#### [THE TASK]
From the material below, return exactly the lines starting at the one that holds "Musical Juice 2018" and ending at the one that holds "IG逆袭之路：DOTA2赛场上的传奇故事与荣耀重生". Pictures stay out of the answer.

#### [DATA UNDER STUDY]
┌────────

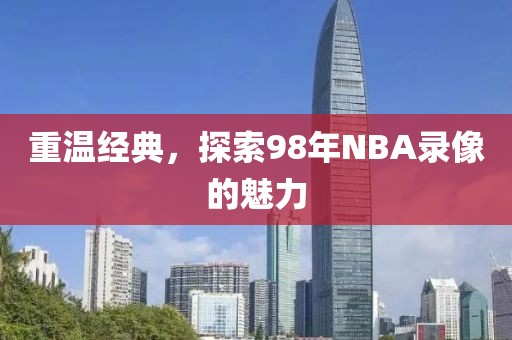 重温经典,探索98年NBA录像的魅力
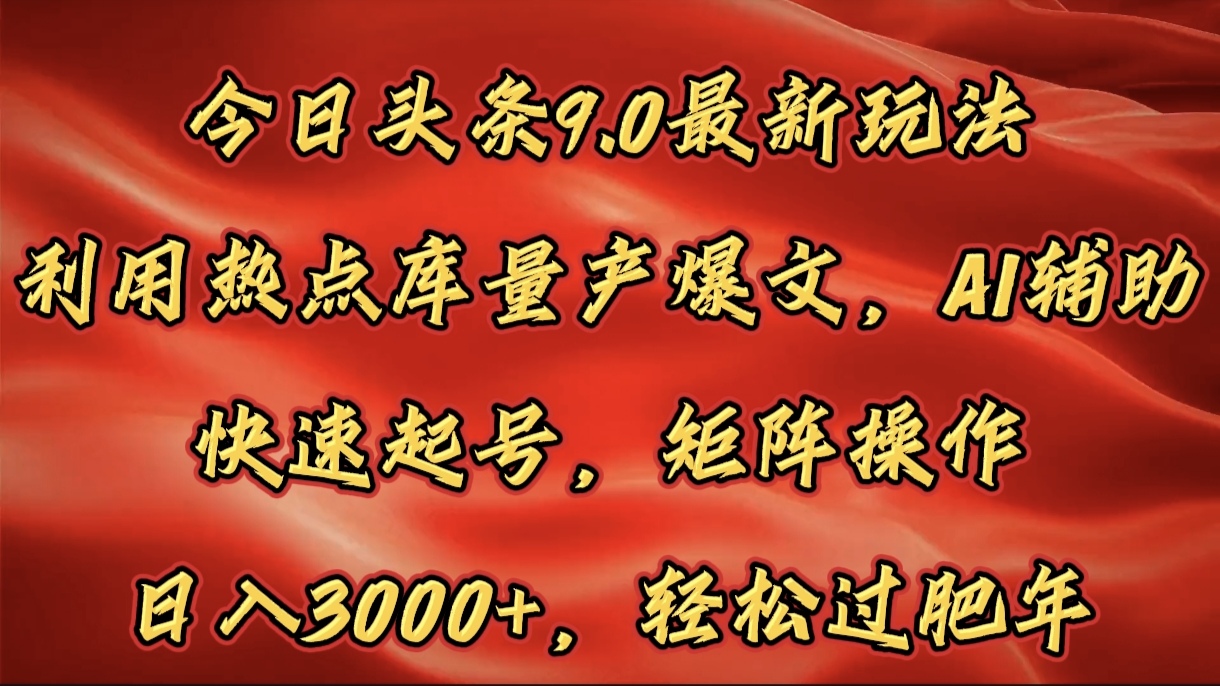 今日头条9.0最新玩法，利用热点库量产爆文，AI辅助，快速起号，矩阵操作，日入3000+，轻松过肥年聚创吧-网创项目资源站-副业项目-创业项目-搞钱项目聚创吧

└────────
┌────────

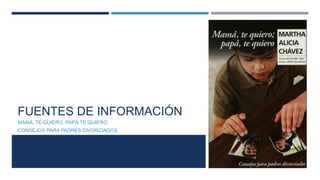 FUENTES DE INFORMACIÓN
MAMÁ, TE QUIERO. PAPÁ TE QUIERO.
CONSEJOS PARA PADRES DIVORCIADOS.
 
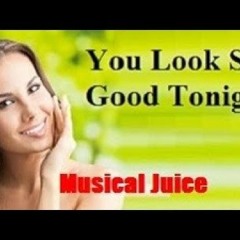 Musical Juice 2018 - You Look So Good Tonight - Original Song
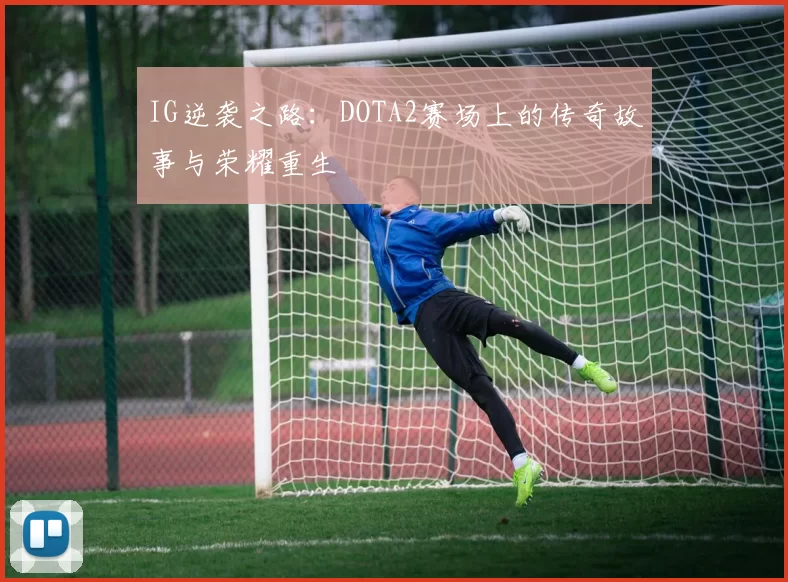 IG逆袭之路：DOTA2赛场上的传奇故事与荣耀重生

└────────

#### [OUTPUT BELOW]
 Musical Juice 2018 - You Look So Good Tonight - Original Song
 IG逆袭之路：DOTA2赛场上的传奇故事与荣耀重生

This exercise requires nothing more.